*** Data for review Section Begins ***

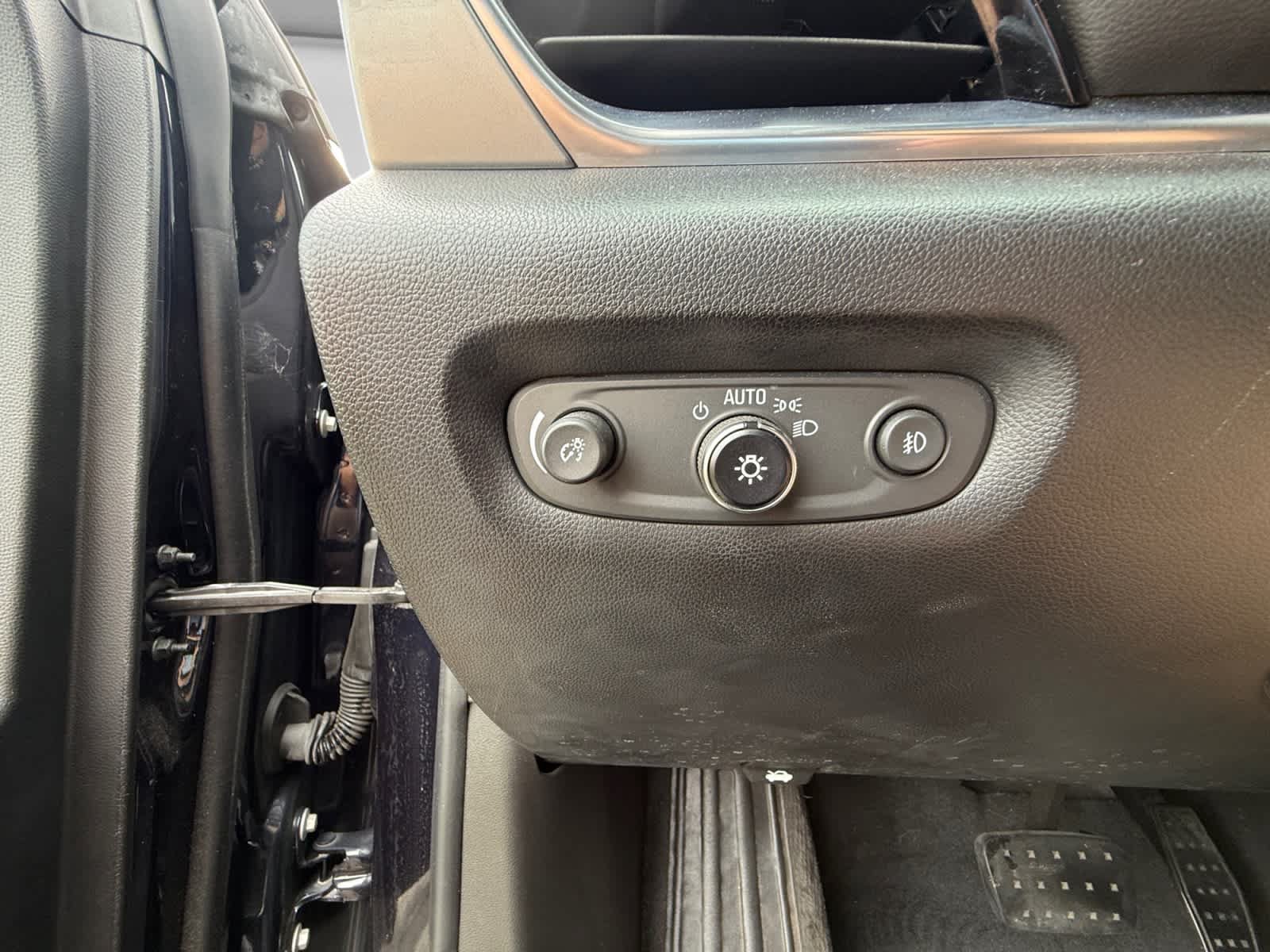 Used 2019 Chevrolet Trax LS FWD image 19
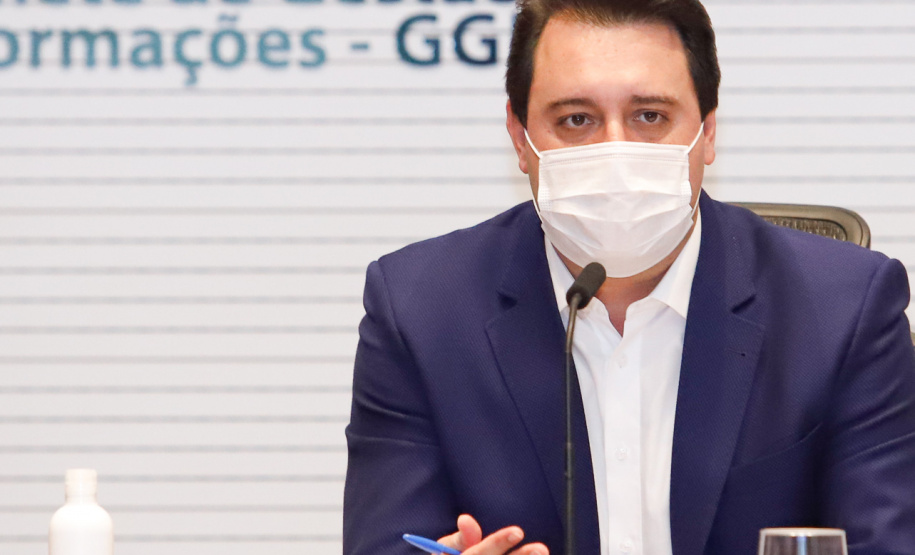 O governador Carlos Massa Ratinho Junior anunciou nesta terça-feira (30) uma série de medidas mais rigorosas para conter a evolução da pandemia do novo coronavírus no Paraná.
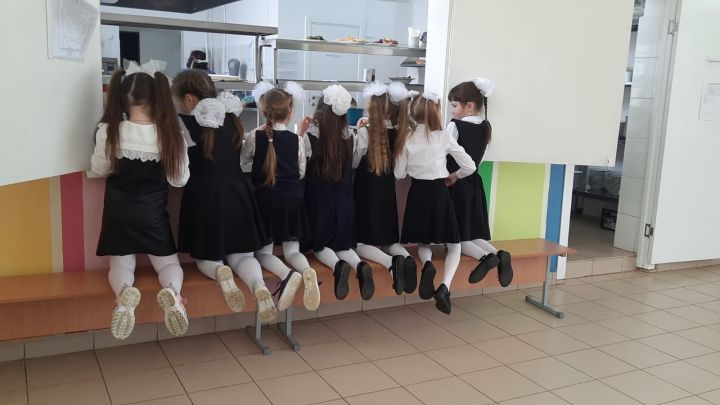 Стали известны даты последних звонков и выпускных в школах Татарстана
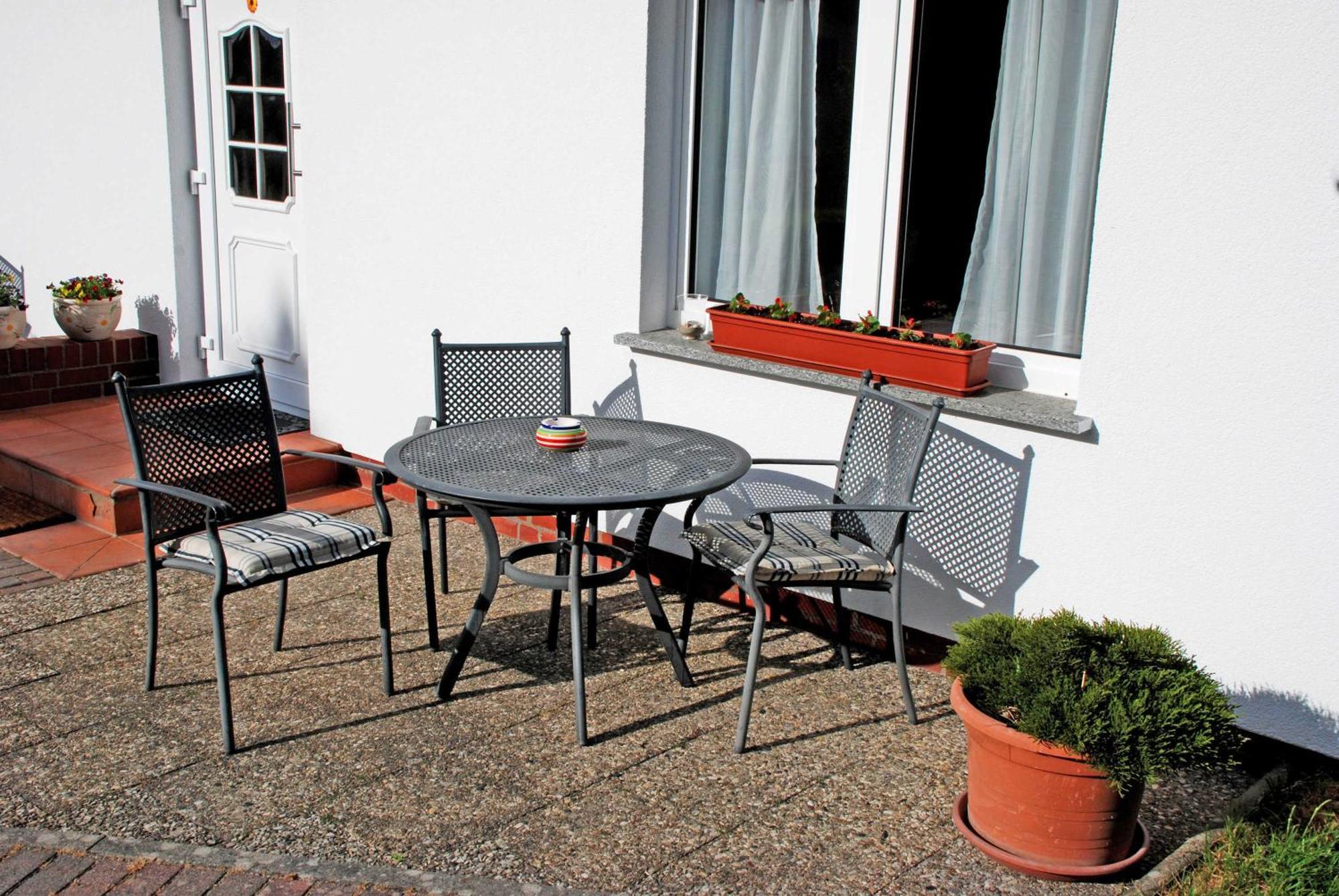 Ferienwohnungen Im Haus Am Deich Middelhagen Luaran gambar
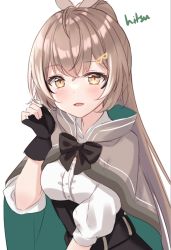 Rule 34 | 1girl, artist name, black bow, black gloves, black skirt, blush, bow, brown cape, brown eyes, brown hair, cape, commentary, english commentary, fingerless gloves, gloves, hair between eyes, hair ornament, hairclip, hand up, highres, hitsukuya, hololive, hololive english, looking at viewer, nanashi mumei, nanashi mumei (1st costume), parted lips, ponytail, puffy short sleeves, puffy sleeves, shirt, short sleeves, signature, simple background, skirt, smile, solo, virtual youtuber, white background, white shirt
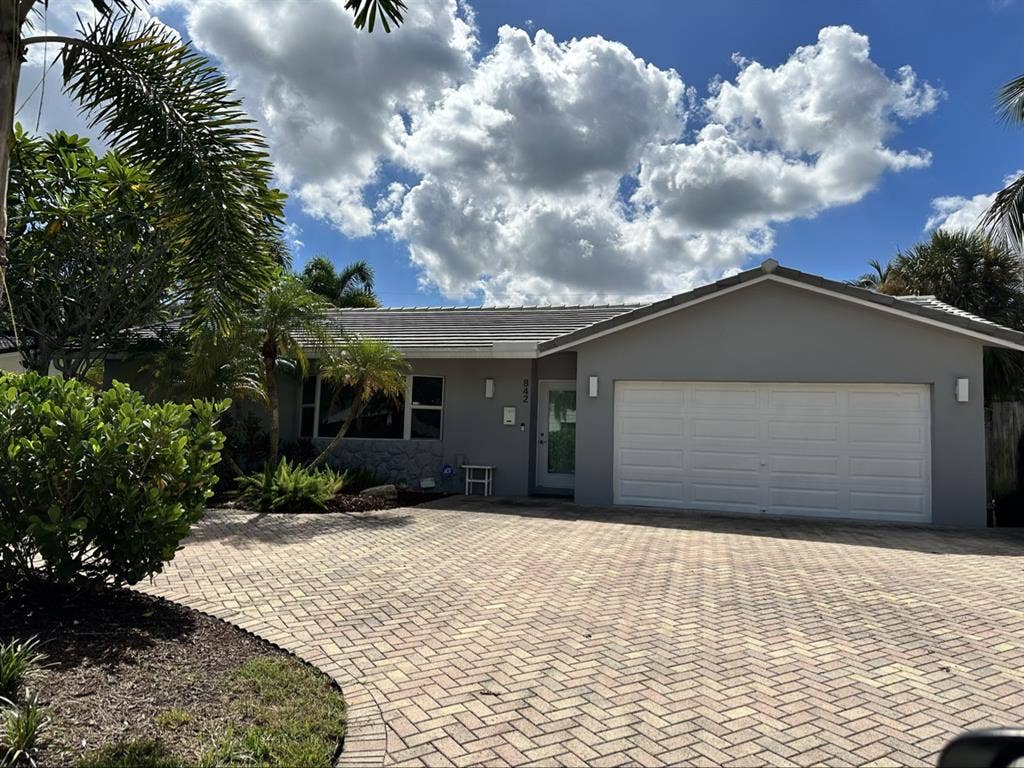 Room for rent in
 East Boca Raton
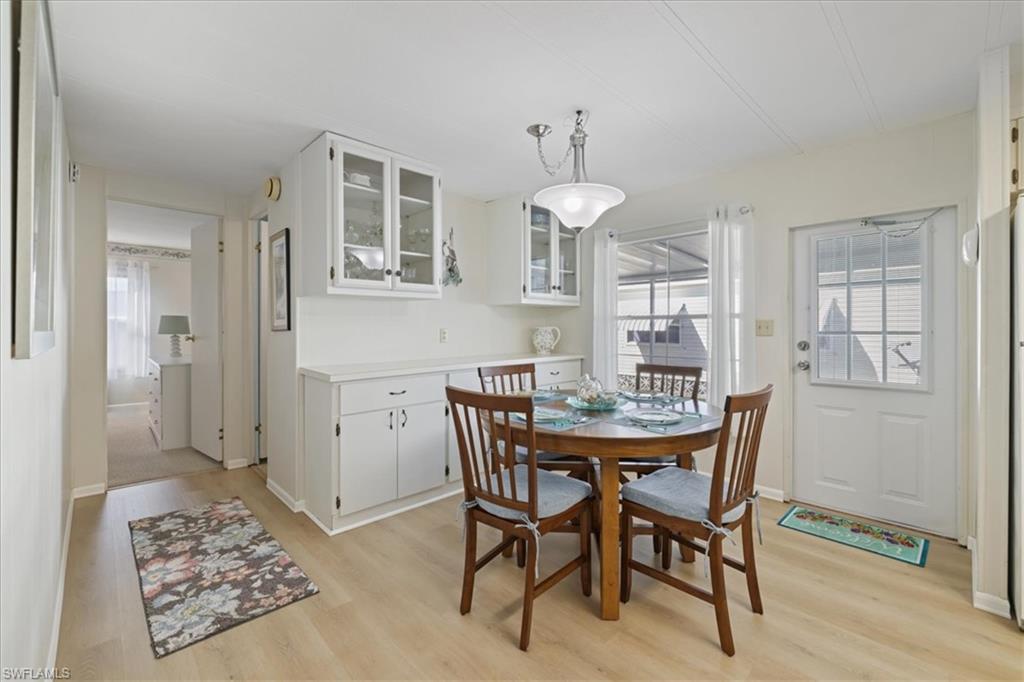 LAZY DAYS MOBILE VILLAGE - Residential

*** Data for review Section Ends ***

◆ Exercise ◆
Word for word, please, restate the lines of the listing from the one holding "Rule 34 | 1girl, artist" down to the last line, leaving out any pictures.

◆ Response box ◆
 Rule 34 | 1girl, artist name, black bow, black gloves, black skirt, blush, bow, brown cape, brown eyes, brown hair, cape, commentary, english commentary, fingerless gloves, gloves, hair between eyes, hair ornament, hairclip, hand up, highres, hitsukuya, hololive, hololive english, looking at viewer, nanashi mumei, nanashi mumei (1st costume), parted lips, ponytail, puffy short sleeves, puffy sleeves, shirt, short sleeves, signature, simple background, skirt, smile, solo, virtual youtuber, white background, white shirt
 Room for rent in
 East Boca Raton
 LAZY DAYS MOBILE VILLAGE - Residential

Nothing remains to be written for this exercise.